Read the Russian version of the document 🇷🇺
- Python 3;
- Tensorflow and additional stuff for it.
At this moment, the problem of image classification is best solved by convolutional neural networks (CNN). The main idea of convolutional neural networks lies in the alternation of convolutional layers and subsampling layers.
The work of a convolutional neural network is usually interpreted as a transition from specific features of an image to more abstract details, and then to even more abstract details, up to the allocation of high-level concepts. At the same time, the network adjusts itself and develops the necessary hierarchy of abstract features, filtering unimportant details and highlighting the essential ones.
CNN (like any neural network) requires a lot of CPU or GPU resources and time to train on a large sample of data. To avoid this, I used the pre-trained convolutional neural network Inception from Google.
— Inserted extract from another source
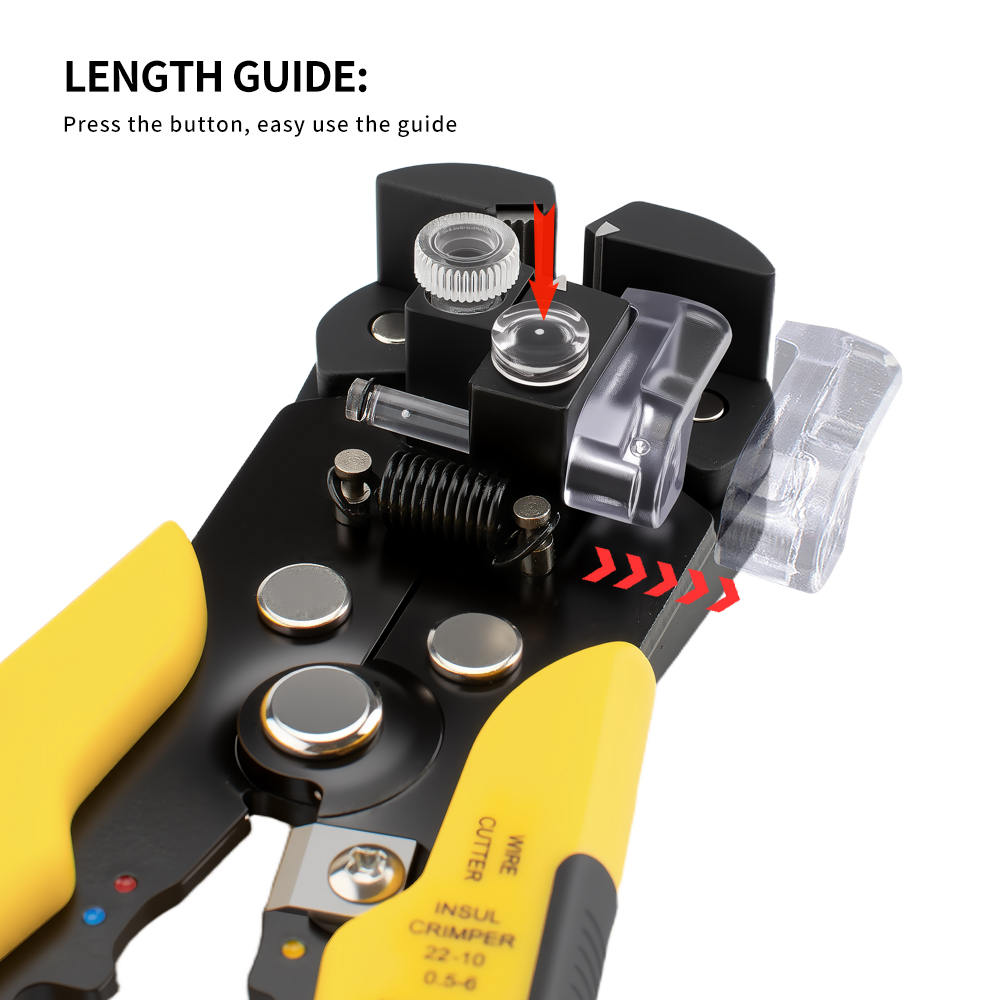 多機能ハンドツールプロの電気技師用ワイヤープライヤーケーブル - Power Tools Germany のレビューと価格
The process of additional neural network training is called transfer learning. In fact, I take a completely ready-made model trained on a huge number of images (for example, based on ImageNet) and retrain (using our images) the last layer of it.
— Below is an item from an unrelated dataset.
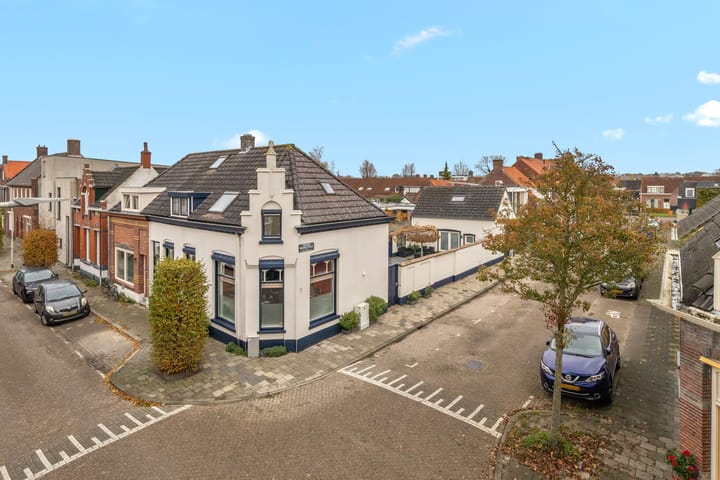 Damstraat 8 in Roosendaal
In this work we used images of cats of the following breeds: Abyssinian, Bengal, Birman, Bombay, British Shorthair, Egyptian Mau, Maine Coon, Persian, Ragdoll, Russian Blue, Siamese, Sphynx. The images were taken from here.
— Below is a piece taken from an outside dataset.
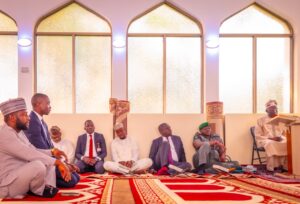 Ramadan: President Tinubu appeals to Nigerians to pray for peace, stability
Since this neural network is able to work only with images in jpeg format, then it was necessary to delete all images of other formats. For finding and deleting such files (e.g. gif files that were renamed to jpeg) is used check_file_extension.py script.
To start the process of transfer learning the network is used bash script train.sh. In this file, you must specify the path to the file examples/image_retraining/retrain.py form the tensorflow repository, the path to images and service files, and the number of training iterations.
For prediction is used predict.py. You need to pass the path to the image as an argument at startup.